Step 2: This function would extract URLs from the fetched Delicious page.

<?php

function parseDelicious($string1){

$listUrl = "";

// Convert the HTML page (fetched from web) into an array by splitting it using space.

$ArrayText = explode(" ", $string1);

// iterate through each word in HTML page.

for($i=0; $i<count($ArrayText); $i++){

// Ignore all inertnal URLs having "http://del.icio.us" and advertizement keyword having "overture.com" and consider ones starting with "href=http://"
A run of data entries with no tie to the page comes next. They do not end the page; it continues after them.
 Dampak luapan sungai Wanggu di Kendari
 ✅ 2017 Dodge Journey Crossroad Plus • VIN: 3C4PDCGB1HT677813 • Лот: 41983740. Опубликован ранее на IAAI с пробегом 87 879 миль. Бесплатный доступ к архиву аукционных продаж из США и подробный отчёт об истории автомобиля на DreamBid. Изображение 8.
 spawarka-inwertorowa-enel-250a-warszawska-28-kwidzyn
if ( !(strstr($ArrayText[$i], "http://del.icio.us")) && !(strstr($ArrayText[$i], "overture.com")) && !(strstr($ArrayText[$i], "http://blog.del.icio.us")) &&
(strstr($ArrayText[$i],"href=\"http://")))
{

$piece = substr($ArrayText[$i], 6);
$piece1 = substr($piece, 0, strpos($piece, "\""));
// $piece1 now has the URL extracted. Now, we shall extract the title also.

$j=1;
$url_title = "";
$end_found = false;
while (!$end_found){
$end_found = strstr($ArrayText[$i+$j], "</a>");

if ($j == 1){
$url_title_rel = substr($ArrayText[$i+1], 15);
}else {
$url_title_rel = $ArrayText[$i+$j];
}
if ($end_found){
$url_title .= substr($url_title_rel, 0, strpos($url_title_rel ,"<"));
}else{
$url_title .= $url_title_rel." ";
}
$j++;
}

//$url_title now has the title of the URL

$listUrl = $piece1."----".$url_title."<br> ";
echo $listUrl; // printing extracted URL and title from delicious
}

}
return $listUrl;

}

?>

In the function above, I explode (or simply, split) the fetched delicious HTML page using spaces and store it in array. Once done, now I can move through each keyword to find relevant information. Here, in this case it is URL and title.
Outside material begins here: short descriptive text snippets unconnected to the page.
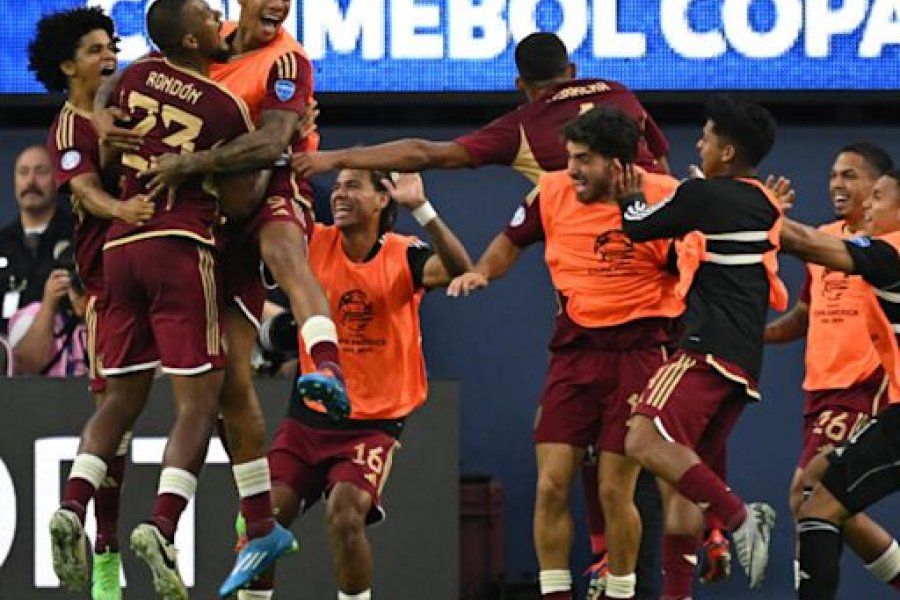 Venezuela venció a México y se metió en cuartos de final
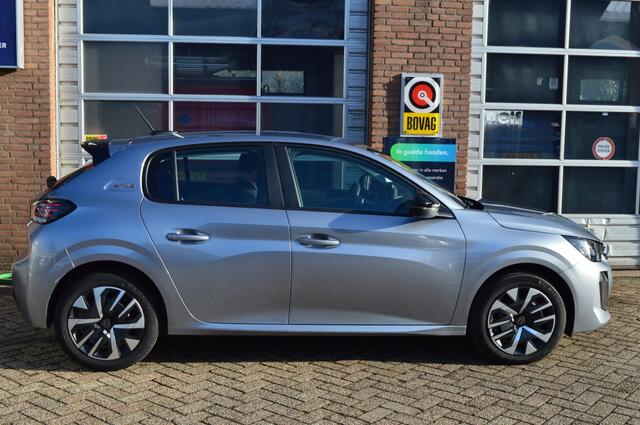 Peugeot 208 Hybrid e-DCS6 Style, Automaat, Pdc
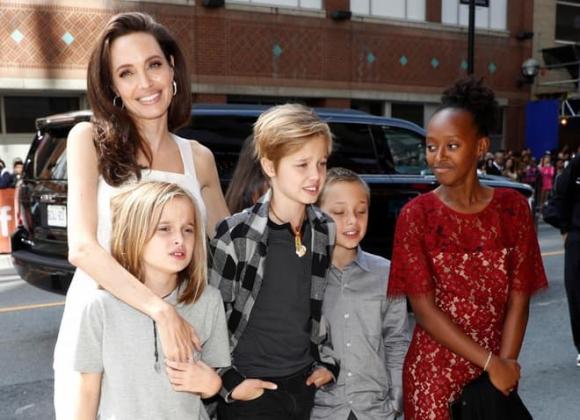 Shiloh muốn gọi Jennifer là mẹ,con của Angelina Jolie và Brad Pitt,sao Hollywood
Step 3: Thus, if I want to extract all links from delicious that are tagged with PHP, I can simply iterate as follows:

<?php

$i = 1;

while (true){

$cont = getDelicious('php', $i);

if ($cont == "") { break; }

$i++;

}

?>


Finally, the output for all URLs from delicious tagged with PHP on the first page is:

http://www.goodphptutorials.com/---GoodPHPTutorials.com - 40 PHP Tutorials
http://www.php.net/---PHP: Hypertext Preprocessor
http://www.phpfreaks.com/---PHP Help: PHP Freaks!
http://www.symfony-project.com/---symfony - open-source PHP5 web framework
http://www.phpbuilder.com/columns/vaska20050722.php3?aid=948---PHPBuilder.com, the best resource for PHP tutorials, templates, PHP manuals, content management systems, scripts, classes and more.
http://www.cakephp.org/---CakePHP : the rapid development php framework
http://www.phpit.net/article/ten-different-php-frameworks/---PHPit - Totally PHP » Taking a look at ten different PHP frameworks
http://www.modernmethod.com/sajax/---SAJAX - Simple Ajax Toolkit by ModernMethod - XMLHTTPRequest Toolkit for PHP
http://www.php.net/manual/en/---PHP: PHP Manual - Manual
http://cakephp.org/---CakePHP : the rapid development php framework





hi sir,
The method implemented by you to extract the urls is very useful.However we want to print the tags related to the urls.Will you please help us how to extract the related tags along with urls??